DJカートン.mmix

それって早い話「金儲けのための忖度」って事では。

脱線前提の(笑)将棋の話

…「脱線前提」としておくと心置きなく話を脱線させられる、かも知れない(笑)。

「第3回将棋文化検定」の会場が当初より増えている。当初発表されていた東京・名古屋・大阪・福岡に「札幌」と広島が加わっている。
…ついにと言うかようやくと言うか、北海道で将棋文化検定を受けられるようになったのは同じ道民としてとても喜ばしい事と思う。
各クラスとも12分野から計60問(第1回はクラスによって出題数・満点が違った)、問題は三択問題(Aクラスのみ一部に四択や筆記問題がある)、連盟HPで各クラスの「出題傾向」と「模擬試験」が掲載されている。
…Aクラスの「模試」を見ると過去2回よりも難しい(マニアな)ような気がした(※1)。問題を読んで自分がパッと答えが出てきた問題記憶をたどれば答えが出てきそうな問題(例えば「タイトル10期以上の棋士数」とか)もあったが、半分くらいは「わからない(運任せ)。

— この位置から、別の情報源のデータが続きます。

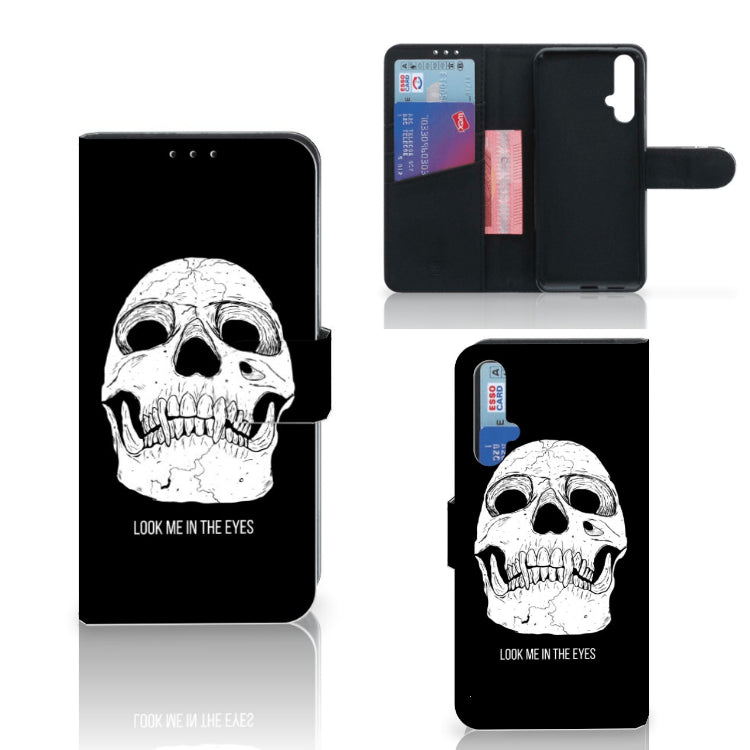 Telefoonhoesje met Naam Honor 20 Skull Eyes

…どうせ今年は受検できないからどうでもいいけど(笑)。

それにしても昔から北海道は内地の人間から「軽視されている」「馬鹿にされている」ように感じるのは自分だけではないと思う。「全国ツアー」とか銘打っておいて北海道には来ない、なんて事はざらにあるし、書籍(主に月刊誌)は内地の2日遅れ(週末や祝日が絡むともっと遅れる)の発売自分は内地で働いている期間がそこそこ長いが、行く先々で北海道に対する意味不明な偏見を持っている人に出会う時には「後ろから鉄パイプでぶん殴ってやりたい」と思うくらい北海道&道民に対し無礼な事を言う奴がいたりする。今の時期にピッタリな(?)話だと、「全国高校野球選手権(要は『甲子園』」の組み合わせ抽選で初戦が北海道代表(南北問わず)と当たった時点で
「よしっ、2回戦進出決定!」
なんて事を言うチーム(または地元)の関係者。…今でもいるのかはよくわからないが、一昔前(駒大苫小牧が優勝するまで)は本当にそういう輩をよく見かけたものである(地元局のアナウンサーでそんな事を言っていた奴もいたような…)。
他には自分が直接言われた話ではないが、バラエティ番組のロケが行われることもある有名なカートコースで全日本選手権」が行われた時(その名称から日本最高峰のレースである事は想像できると思う)、そのコースのオーナーが地元のチームの人に
「北海道の○○(チーム名)? どうせ来ないって」
その「北海道の○○」がすぐ後ろに来ている事に気付かず言い放ったそうである(「地元のチームの人」に言われて振り向いたそのオーナーは「北海道の○○」の姿を見て真っ青になったとか)。
「北海道は日本ではない」とでも思っているのだろうか…

先月19日に放映された「日本の話芸」は桂ざこば師匠演じる「笠碁」だった。その「枕(前置き)」で電王戦について少し触れている(※2)。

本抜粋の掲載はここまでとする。